Creative writing MFA program inspires, prepares students
In an era where the arts are often overlooked, a gem is tucked away in the heart of the English department at Fresno State.
A graduate degree in creative writing has been a staple on campus for over 30 years, but it wasn’t until 1996 it was transitioned from a Master of Art (M.A.) degree to a Masters of Fine Arts (MFA) degree.
There are currently around 50 to 60 students enrolled in the MFA program’s poetry, fiction and creative nonfiction sections, said Corrinne Clegg Hales, the James and Coke Hallowell Professor of creative writing.
Students working toward their degree in creative writing have the chance to not only build on the foundation of their education, but grow as writers in an atmosphere where they are can be mentored by several faculty members.
“Our student-writers are entering the professional writing world, so we encourage them to learn as much as they can about it, to work in publishing and editing to one degree or another, and to send their best work out to journals and magazines,” Hales said. “Our students have a terrific record of publication in some of the best magazines in the country.”
Opportunities in the department also provide creative outlets for students to gain experience such as writing and editing for The Normal School, a semiannual literary magazine published through the efforts of the creative writing program.

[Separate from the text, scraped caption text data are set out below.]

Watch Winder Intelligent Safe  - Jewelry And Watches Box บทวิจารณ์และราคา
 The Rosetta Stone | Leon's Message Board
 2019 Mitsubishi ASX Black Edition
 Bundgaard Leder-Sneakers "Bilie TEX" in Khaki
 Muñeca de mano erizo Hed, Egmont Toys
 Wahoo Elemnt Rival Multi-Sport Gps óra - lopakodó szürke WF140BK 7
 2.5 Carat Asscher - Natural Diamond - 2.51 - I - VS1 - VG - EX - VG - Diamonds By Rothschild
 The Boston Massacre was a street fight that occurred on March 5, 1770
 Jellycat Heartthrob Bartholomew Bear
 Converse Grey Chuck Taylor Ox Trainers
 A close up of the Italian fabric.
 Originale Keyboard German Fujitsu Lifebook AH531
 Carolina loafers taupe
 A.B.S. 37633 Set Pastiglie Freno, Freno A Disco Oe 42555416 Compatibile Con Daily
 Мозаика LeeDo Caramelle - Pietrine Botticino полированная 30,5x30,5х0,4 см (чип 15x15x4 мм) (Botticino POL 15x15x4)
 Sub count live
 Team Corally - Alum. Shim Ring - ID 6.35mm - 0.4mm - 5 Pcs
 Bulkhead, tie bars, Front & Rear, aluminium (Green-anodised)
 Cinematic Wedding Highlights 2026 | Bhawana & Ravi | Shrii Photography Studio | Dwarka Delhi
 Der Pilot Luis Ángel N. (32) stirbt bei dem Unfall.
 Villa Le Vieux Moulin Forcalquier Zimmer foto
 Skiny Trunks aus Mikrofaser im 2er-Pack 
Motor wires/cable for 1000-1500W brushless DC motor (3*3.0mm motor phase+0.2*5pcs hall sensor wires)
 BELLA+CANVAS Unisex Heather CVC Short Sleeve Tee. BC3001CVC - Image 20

Alex Espinoza, a professor of English and creative writing, works constantly to emphasize the importance of publishing works, however he continues to focus on the bigger picture.
“I always tell my students to remember, first and foremost, that their aim should be to produce art, and producing good art takes time, energy, and intelligence,” Espinoza said.
Espinoza is no stranger to published works. His first novel, “Still Water Saints,” was released in 2007 in both English and Spanish and was recognized by Barnes & Noble Discover Great New Writers. The team of six in the program have published more than 20 books to date.
The program’s positive reputation has grown over the years and the university has recognized the importance and relevance of this artistic program. In turn, Fresno State has pledged significant support which allows the program to recruit top students from across the nation, said Steven Church, an associate professor of English.
“I worry a lot when I hear the rhetoric, ‘Who needs writing and art and music?’” Espinoza said. “Art took me— a poor kid born in a slum in Tijuana, the youngest of eleven— and turned him into a writer and teacher. Art took me— growing up in a rough neighborhood in Los Angeles, where drugs and crime and poverty were the norm— and reshaped me into a novelist.”
Not everyone who earns their MFA or takes classes in creative writing will go on to become a literary writer. Often times, students are led into careers in law, business, education, politics and journalism, Hales said.
“The arts will help a person do better in whatever field they choose,” Hales said. “I’m certain of that.”
The faculty’s passion for students and cultivating diversity in writing has become a driving force for this program.
“Other MFA programs work very hard to homogenize the voices of the students in their program, we honor difference,” Espinoza said.